Cumhurbaşkanı Erdoğan, Çukurova Havalimanın açılışında yaptığı konuşmada, “hizmet ve eser düşmanlığı yapan muhalefet olmaz” ifadesi ile geçmişten bugüne büyük yatırımlara yönelik yapılan karşıtlığı hatırlattı.
Erdoğan, “ülkenin kaynakları ilgili cümle kurulacaksa, eleştirilmesi gereken Çukurova Havalimanı değil, halkın parasını Paris’te har vurup harman savuran müsriflerdir” sözleriyle muhalefetin çelişkilerine de atıfta bulundu.

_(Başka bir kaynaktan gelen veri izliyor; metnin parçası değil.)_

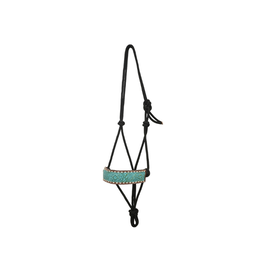Rafter T Ranch Company Turquoise Collection: Nylon Halter with Floral Carving, Turquoise Wash, TT Finish & White Buckstitch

AK Parti çok uzun yıllar iktidar olduğu için, muhalefet iktidar eleştirisinde geniş bir konfor alanına sahipti. Hükümetin yatırım ve icraat politikaları sürekli olarak, “rant müteahhitliği” olarak damgalandı. İşadamları “beşli çete” gibi yakışıksız ifadelerle damgalandı. Siyasete müteahhitlikten gelenler küçümsendi.

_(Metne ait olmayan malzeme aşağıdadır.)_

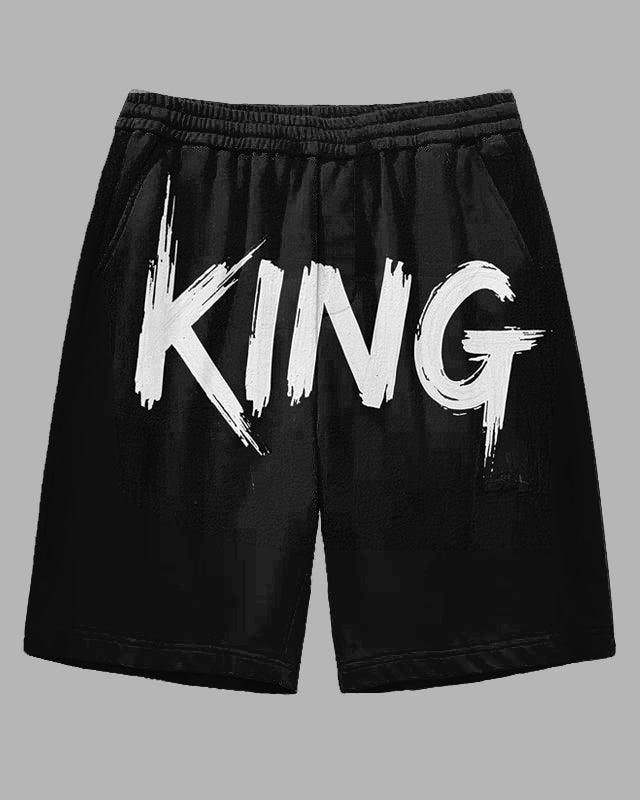 Men's Big & Tall Bold Brush Letter KING Printed Outdoor Daily Casual Shorts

Devlet kadrolarında “kayırmacılık” ve “liyakatsizlikten” dem vuruldu. Siyasette, yönetimde “şeffaflık” ve “hesap verilebilirlik“le ilgili bir çok uygulama eleştirildi. “Hak”, “hukuk”, “adalet” gibi temalar soyut içeriklerle sürekli gündemde tutuldu. Nasıl ki uzun dönemli iktidarda kalan bir parti için iktidar pratiklerinden dolayı bazı sınamalar söz konusuysa, uzun dönem iktidara gelemeyen muhalefet partileri için de denenmemiş olmanın konforu vardır.
KONFOR ALANI BİTTİ
CHP ve yöneticileri, geçmişte söyledikleri ile sınanıyorlar. Bir anlamda, “iddialarından vuruluyorlar.” Geçmişte müteahhitlikten gelen siyasetçilere ağır hakaretlerde bulunan muhalefet destekçileri ve medyası da benzer bir konumda. CHP’nin İstanbul başta olmak üzere bir çok belediye başkanı ve siyasetçisi aynı sektörden yani müteahhitlikten gelince, CHP’yi destekleyen gazeteciler ve kamuoyu oluşturucuları suskunluğa büründüler. Bir anda, onların gözünde “siyaset ve inşaatçılık” makbul bir mesleğe dönüştü.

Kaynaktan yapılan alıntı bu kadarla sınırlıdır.